Development and Validation of Machine Learning Algorithms for Prediction of Colorectal Polyps Based on Electronic Health Records

Biomedicines. 2024 Aug 27;12(9):1955. doi: 10.3390/biomedicines12091955.

Abstract

Background: Colorectal Polyps are the main source of precancerous lesions in colorectal cancer. To increase the early diagnosis of tumors and improve their screening, we aimed to develop a simple and non-invasive diagnostic prediction model for colorectal polyps based on machine learning (ML) and using accessible health examination records.
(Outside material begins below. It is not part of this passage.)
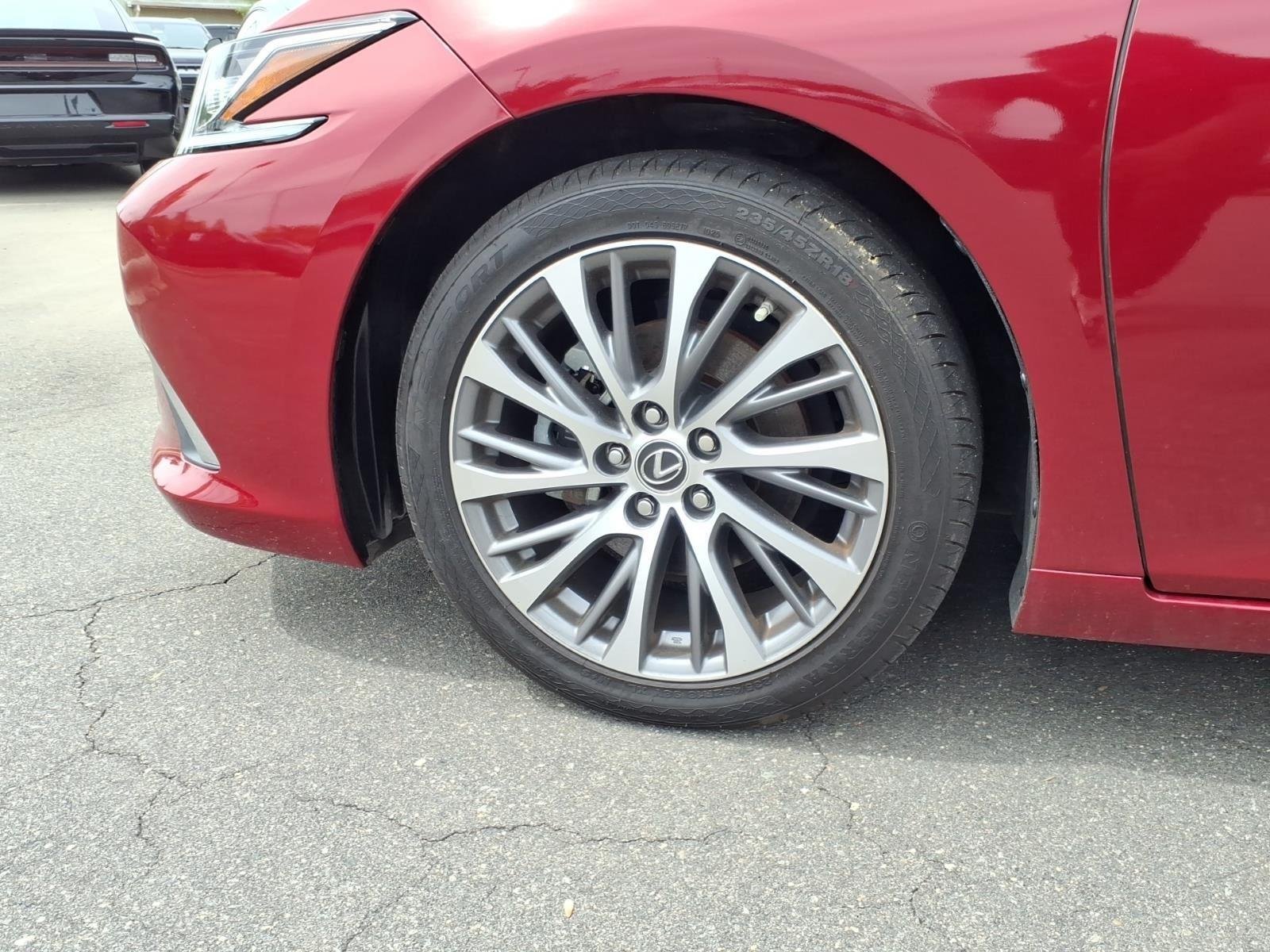 Used 2020 Matador Red Mica Lexus ES 350 image 12
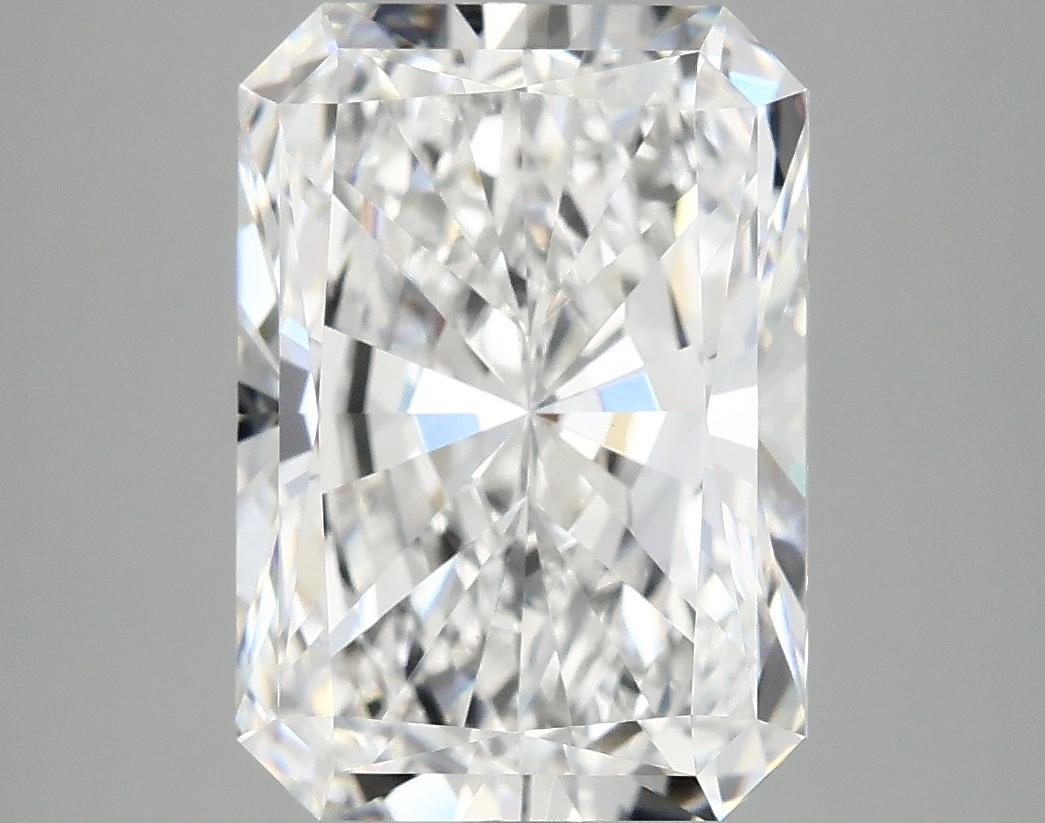 4.98 Carat Radiant Shaped Ideal Cut VVS2 IGI Certified Lab Grown Diamond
Methods: We conducted a single-center observational retrospective study in China. The derivation cohort, consisting of 5426 individuals who underwent colonoscopy screening from January 2021 to January 2024, was separated for training (cohort 1) and validation (cohort 2). The variables considered in this study included demographic data, vital signs, and laboratory results recorded by health examination records. With features selected by univariate analysis and Lasso regression analysis, nine machine learning methods were utilized to develop a colorectal polyp diagnostic model. Several evaluation indexes, including the area under the receiver-operating-characteristic curve (AUC), were used to compare the predictive performance. The SHapley additive explanation method (SHAP) was used to rank the feature importance and explain the final model.

Results: 14 independent predictors were identified as the most valuable features to establish the models. The adaptive boosting machine (AdaBoost) model exhibited the best performance among the 9 ML models in cohort 1, with accuracy, sensitivity, specificity, positive predictive value, negative predictive value, F1 score, and AUC (95% CI) of 0.632 (0.618-0.646), 0.635 (0.550-0.721), 0.674 (0.591-0.758), 0.593 (0.576-0.611), 0.673 (0.654-0.691), 0.608 (0.560-0.655) and 0.687 (0.626-0.749), respectively. The final model gave an AUC of 0.675 in cohort 2. Additionally, the precision recall (PR) curve for the AdaBoost model reached the highest AUPR of 0.648, positioning it nearest to the upper right corner. SHAP analysis provided visualized explanations, reaffirming the critical factors associated with the risk of colorectal polyps in the asymptomatic population.

Conclusions: This study integrated the clinical and laboratory indicators with machine learning techniques to establish the predictive model for colorectal polyps, providing non-invasive, cost-effective screening strategies for asymptomatic individuals and guiding decisions for further examination and treatment.

Keywords: SHAP; colorectal polyps; health examination record; machine learning; prediction model.

Grants and funding

This research received no external funding.